その3
体育館、じゃなくて工房の中に入ると、そこは広めのロビーの様な空間だった。真正面には受付だろう小さなカウンター、その後ろの壁の左右にそれぞれ奥へと続く廊下が目に入る。他には学校の購買の様な販売所と、数組のテーブルと椅子も確認する事ができた。
しかしここで疑問が一つ。これだけ大きな施設にしては中にいる人の数が少なすぎる。各スキルの生産部屋に篭っているとも考えられるが、この広いロビーに私たち以外誰もいないのはどういう事なんだろうか?
「観察は後で後で! まずは登録だけしちゃおっか。はい、行くよー!」
「あ、はい」
何も知らない私がいくら考えたところで答えは出る筈もないか……。それよりもまずは、自分の事を何とかしないといけないんだった。とりあえず今は忘れておこう。

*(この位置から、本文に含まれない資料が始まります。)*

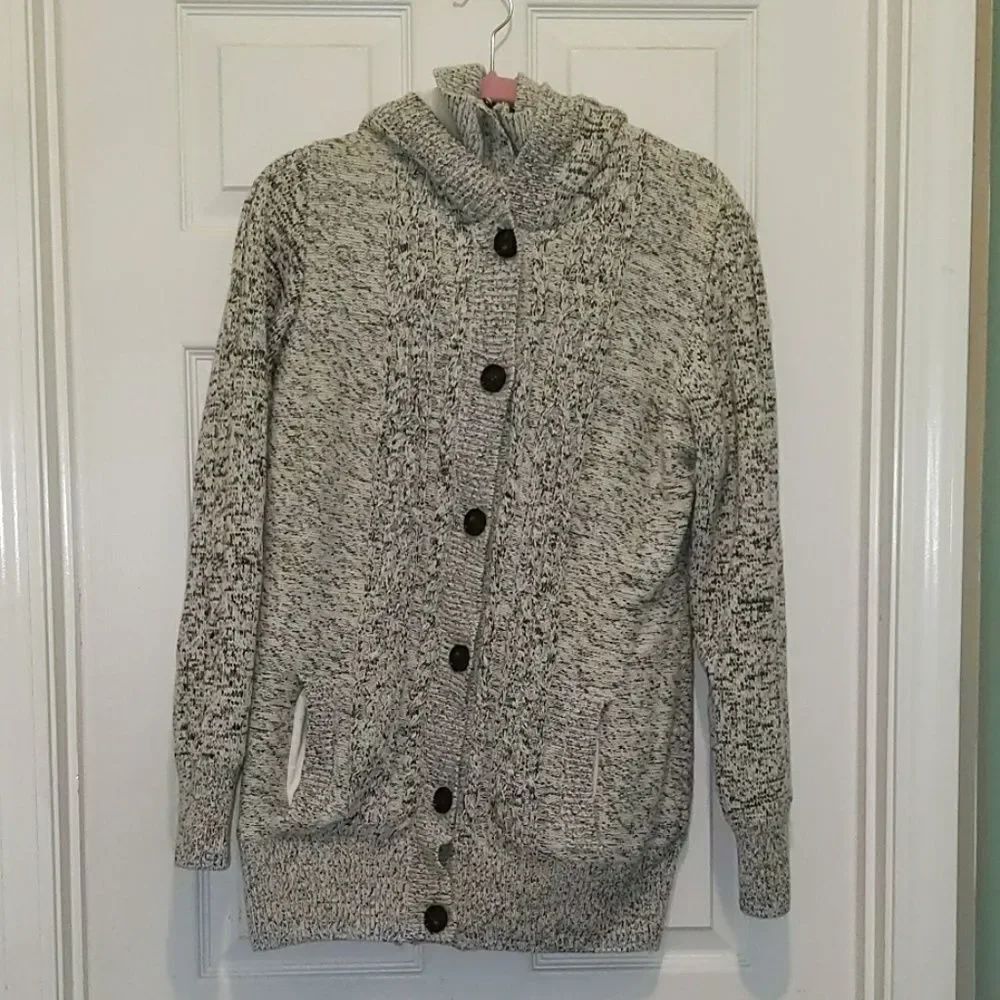 Heavy super soft lined sweater jacket hooded size XL NWOT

カリンさんに手を引かれて受付のカウンター前までやって来た。
「あーらいらっしゃーい。買取かしらー? 注文かしらー? それともクレームかしらー? クレームは受け付けたくないわー。うふふ」
私たちが話しかけるよりも前に、カウンターの中にいた受付嬢のお姉さん(巨乳)が口を開く。普通の人間種族のようだ。
なだろうこの人……、超癒されるんですけど。語尾を延ばす喋りはのんびりさを感じていいね。
「んーん、この子の登録で私はただの付き添い。説明とかは無しでいいからパパッとやっちゃって」
「あらあら珍しいわー、エルフの子ー? 可愛いわねー。ふふふ。はーい、この板に両手の平をぺタッと押し付けてー?」
「え? 説明はさすがに……、あ、はい」
口を挟む間もなく目の前に真っ黒な長方形の板が差し出される。私の背が低めなのでお姉さんにはカウンターから身を乗り出させてしまった。
説明は後でしてもらえばいいか、と、言われたままにその板に両手を押し付ける。見て触っただけではなんの素材で出来ているかは分からなかったが、ひんやりとしていて中々気持ちがよかった。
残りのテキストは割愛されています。